*** DATASET Section Begins ***

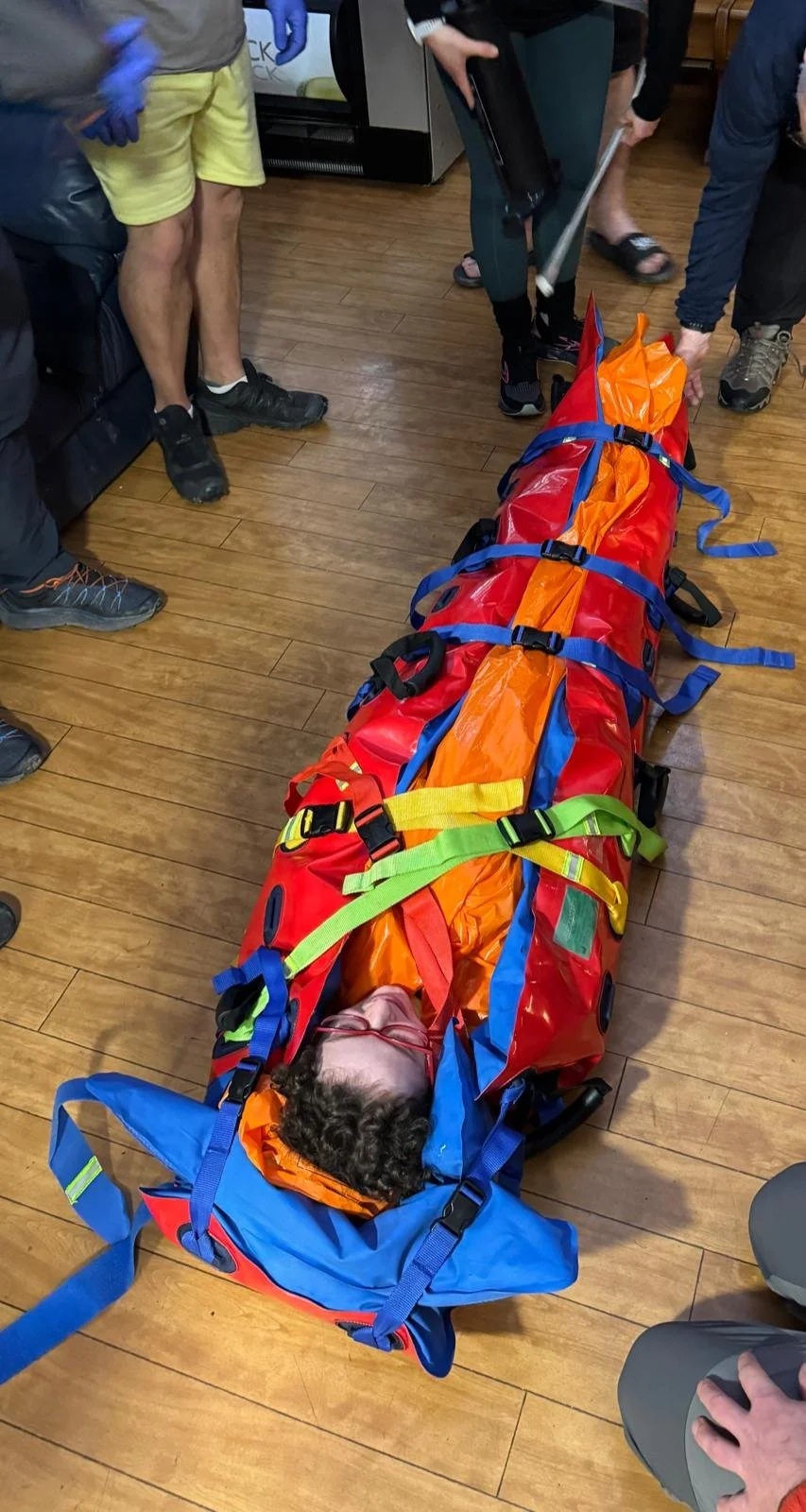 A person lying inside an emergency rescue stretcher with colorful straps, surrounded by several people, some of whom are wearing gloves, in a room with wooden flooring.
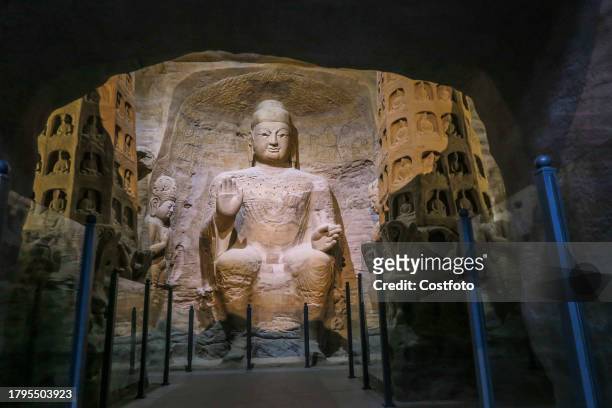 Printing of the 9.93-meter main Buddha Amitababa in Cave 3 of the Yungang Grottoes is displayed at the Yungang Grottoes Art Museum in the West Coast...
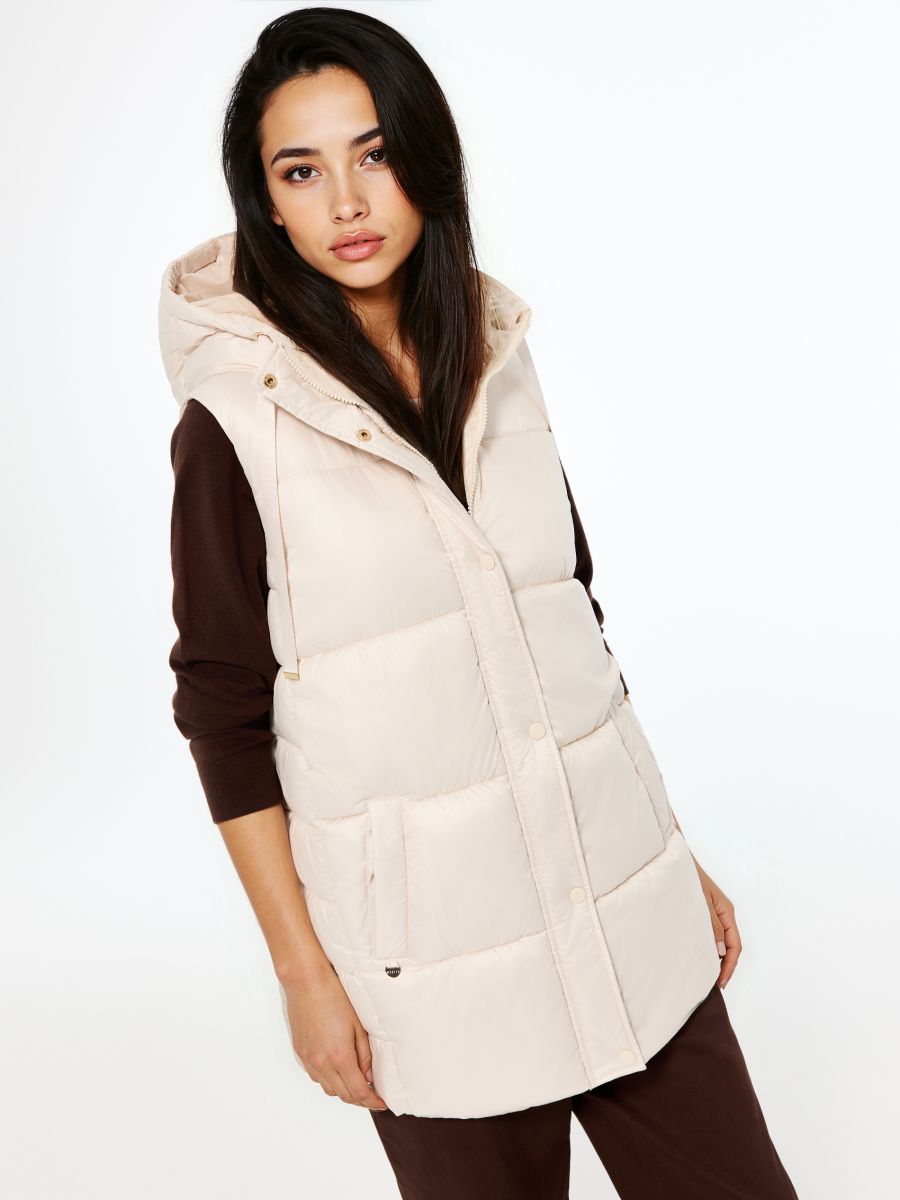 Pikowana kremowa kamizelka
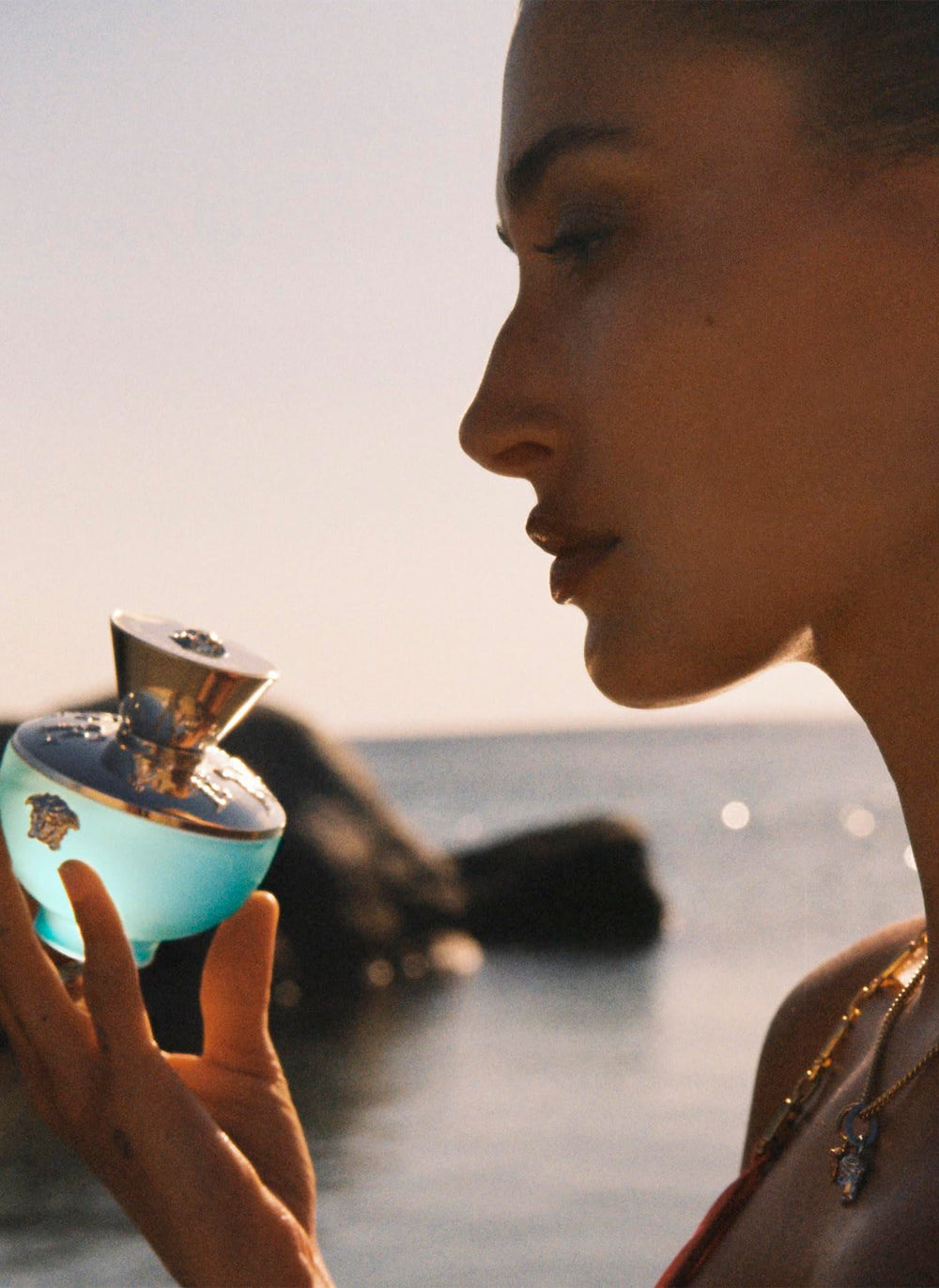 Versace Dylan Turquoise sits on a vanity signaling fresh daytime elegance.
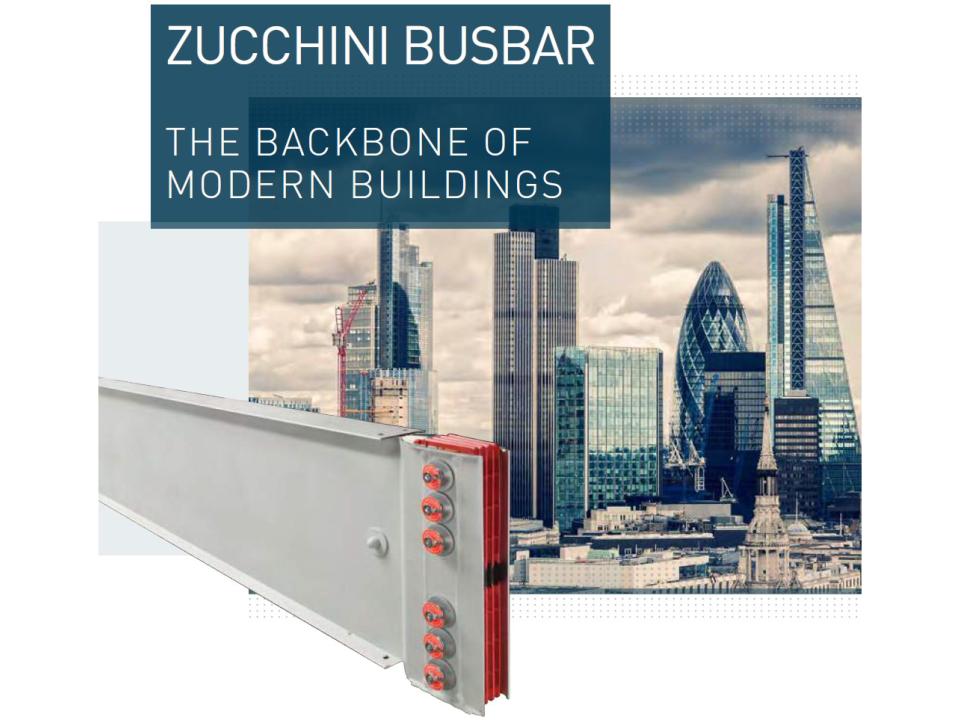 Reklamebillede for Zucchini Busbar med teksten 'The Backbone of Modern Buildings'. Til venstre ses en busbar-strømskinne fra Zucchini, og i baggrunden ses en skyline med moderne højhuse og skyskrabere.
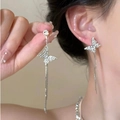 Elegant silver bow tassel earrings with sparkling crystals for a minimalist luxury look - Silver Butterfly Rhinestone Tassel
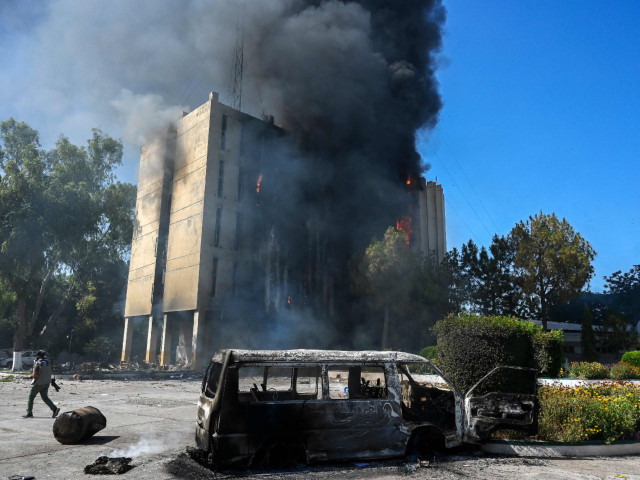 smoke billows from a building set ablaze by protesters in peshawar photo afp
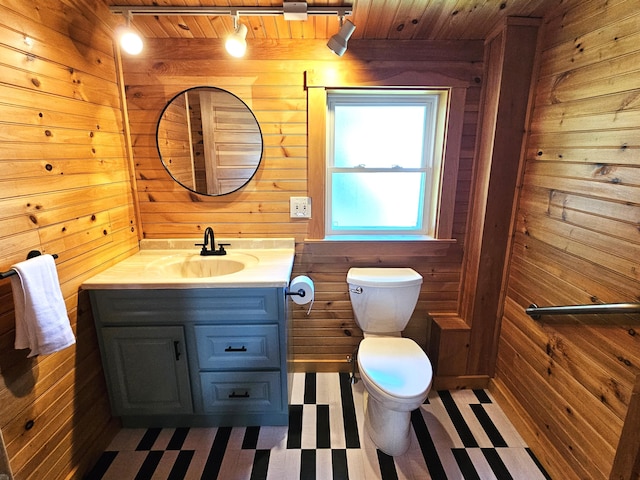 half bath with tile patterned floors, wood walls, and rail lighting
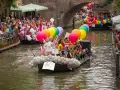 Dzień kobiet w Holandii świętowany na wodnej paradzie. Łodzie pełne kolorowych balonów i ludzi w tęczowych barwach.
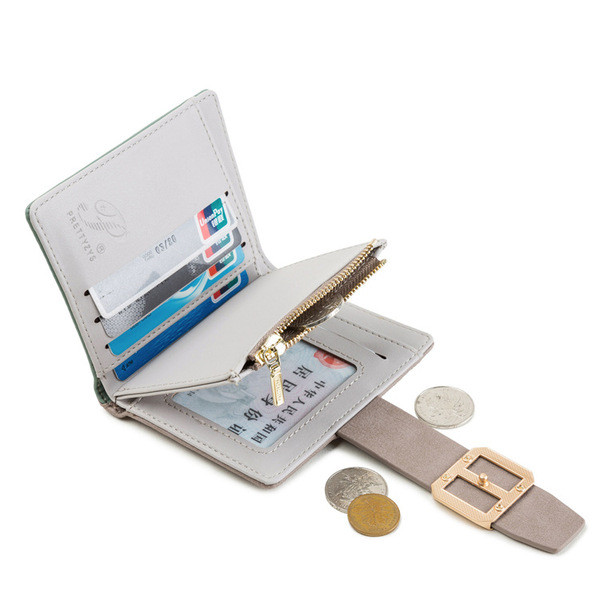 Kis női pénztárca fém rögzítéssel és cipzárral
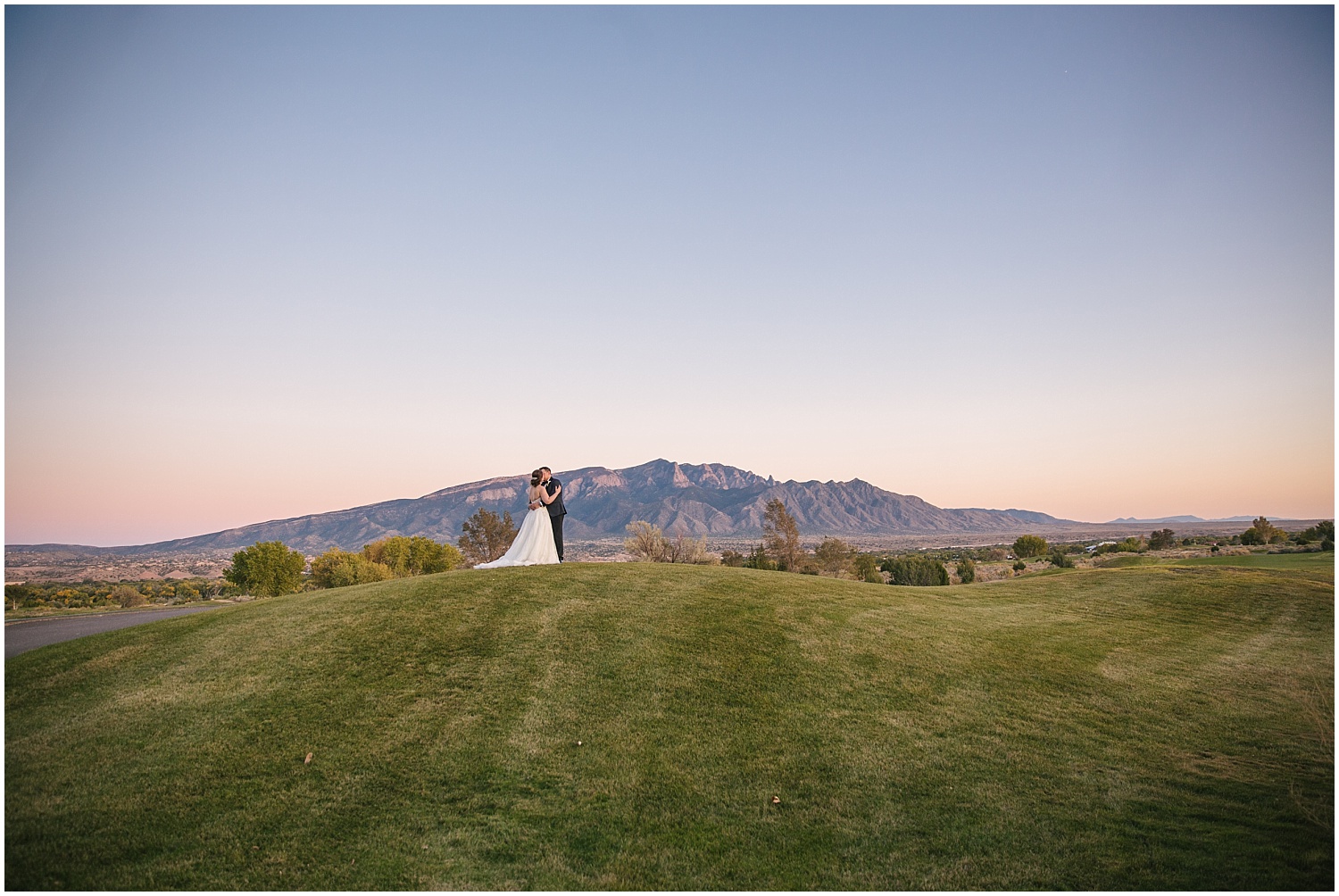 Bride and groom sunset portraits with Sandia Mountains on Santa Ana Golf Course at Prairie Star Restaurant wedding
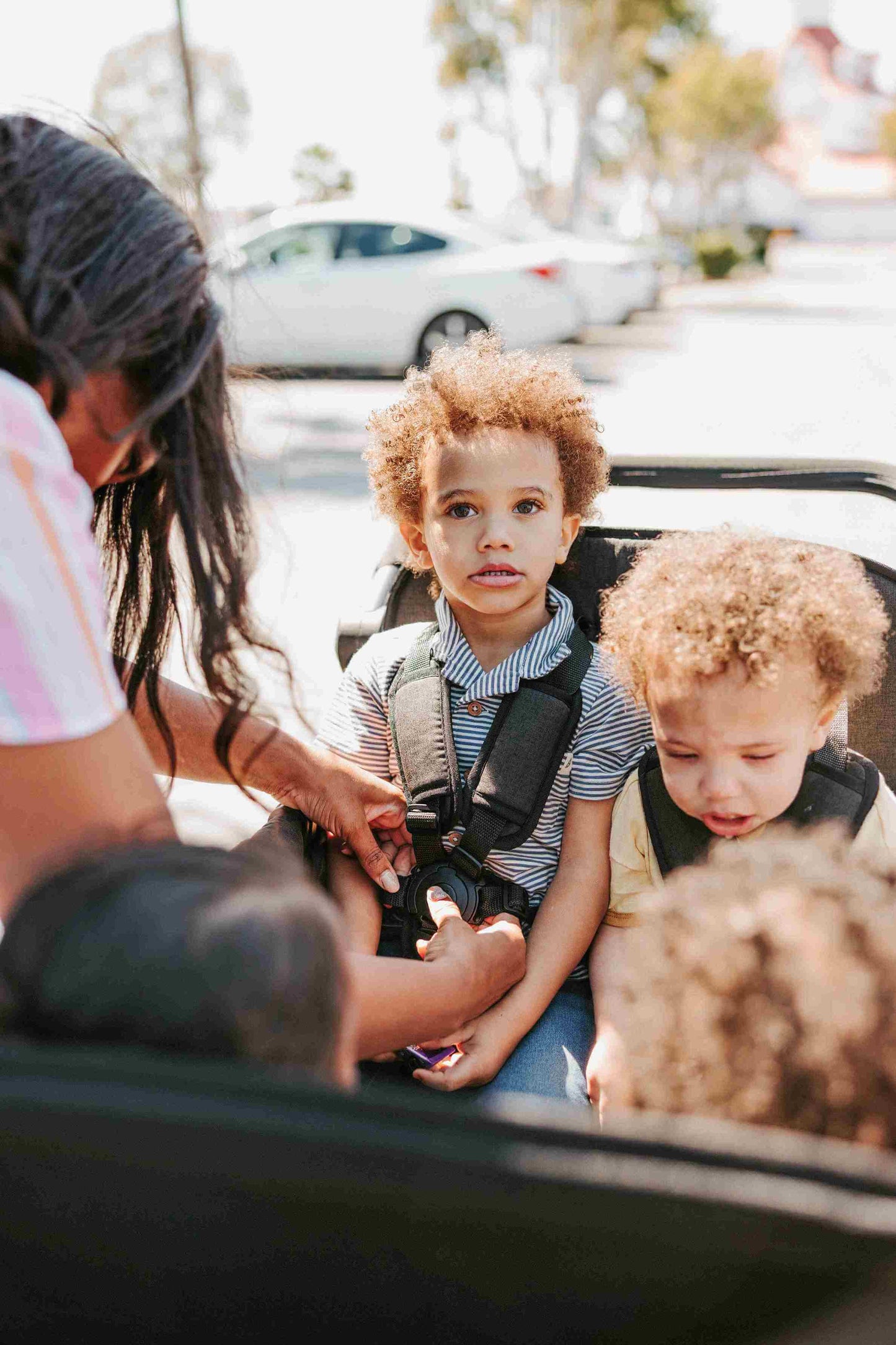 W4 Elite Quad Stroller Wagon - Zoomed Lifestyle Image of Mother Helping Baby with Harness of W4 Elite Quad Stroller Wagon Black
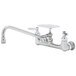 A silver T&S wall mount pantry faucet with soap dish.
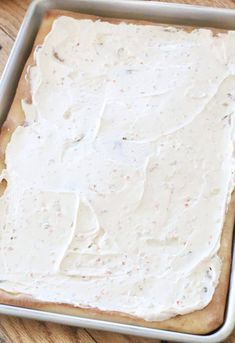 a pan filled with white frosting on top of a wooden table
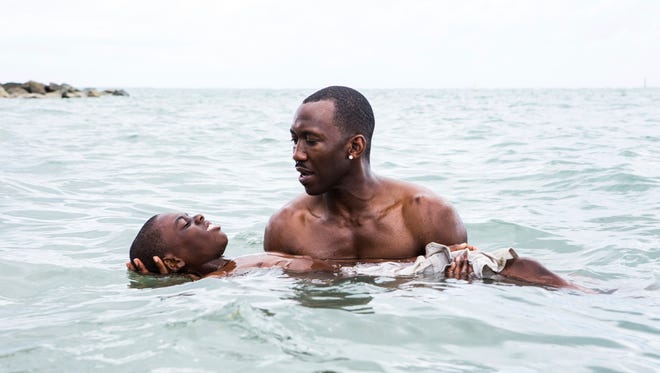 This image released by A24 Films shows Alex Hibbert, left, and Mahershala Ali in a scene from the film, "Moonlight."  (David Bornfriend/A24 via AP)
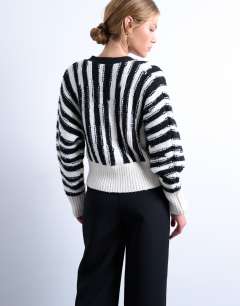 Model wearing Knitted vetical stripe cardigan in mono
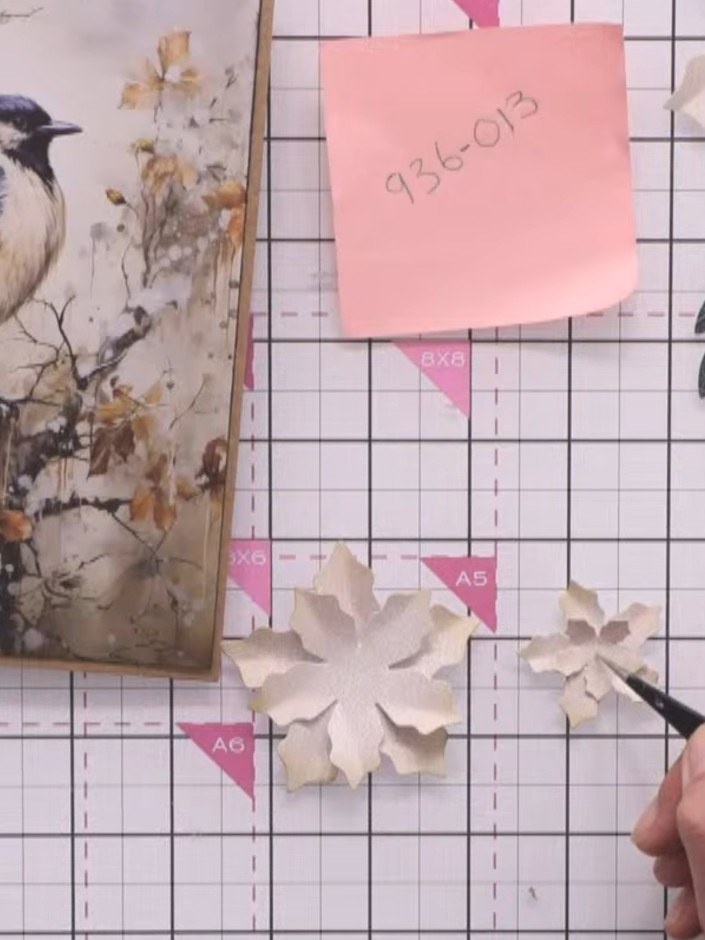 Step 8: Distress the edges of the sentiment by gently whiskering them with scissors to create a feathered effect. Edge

*** DATASET Section Ends ***

WHAT IS BEING ASKED: Return every record exactly. Pictures stay out.

RESPONSE:
 A person lying inside an emergency rescue stretcher with colorful straps, surrounded by several people, some of whom are wearing gloves, in a room with wooden flooring.
 Printing of the 9.93-meter main Buddha Amitababa in Cave 3 of the Yungang Grottoes is displayed at the Yungang Grottoes Art Museum in the West Coast...
 Pikowana kremowa kamizelka
 Versace Dylan Turquoise sits on a vanity signaling fresh daytime elegance.
 Reklamebillede for Zucchini Busbar med teksten 'The Backbone of Modern Buildings'. Til venstre ses en busbar-strømskinne fra Zucchini, og i baggrunden ses en skyline med moderne højhuse og skyskrabere.
 Elegant silver bow tassel earrings with sparkling crystals for a minimalist luxury look - Silver Butterfly Rhinestone Tassel
 smoke billows from a building set ablaze by protesters in peshawar photo afp
 half bath with tile patterned floors, wood walls, and rail lighting
 Dzień kobiet w Holandii świętowany na wodnej paradzie. Łodzie pełne kolorowych balonów i ludzi w tęczowych barwach.
 Kis női pénztárca fém rögzítéssel és cipzárral
 Bride and groom sunset portraits with Sandia Mountains on Santa Ana Golf Course at Prairie Star Restaurant wedding
 W4 Elite Quad Stroller Wagon - Zoomed Lifestyle Image of Mother Helping Baby with Harness of W4 Elite Quad Stroller Wagon Black
 A silver T&S wall mount pantry faucet with soap dish.
 a pan filled with white frosting on top of a wooden table
 This image released by A24 Films shows Alex Hibbert, left, and Mahershala Ali in a scene from the film, "Moonlight."  (David Bornfriend/A24 via AP)
 Model wearing Knitted vetical stripe cardigan in mono
 Step 8: Distress the edges of the sentiment by gently whiskering them with scissors to create a feathered effect. Edge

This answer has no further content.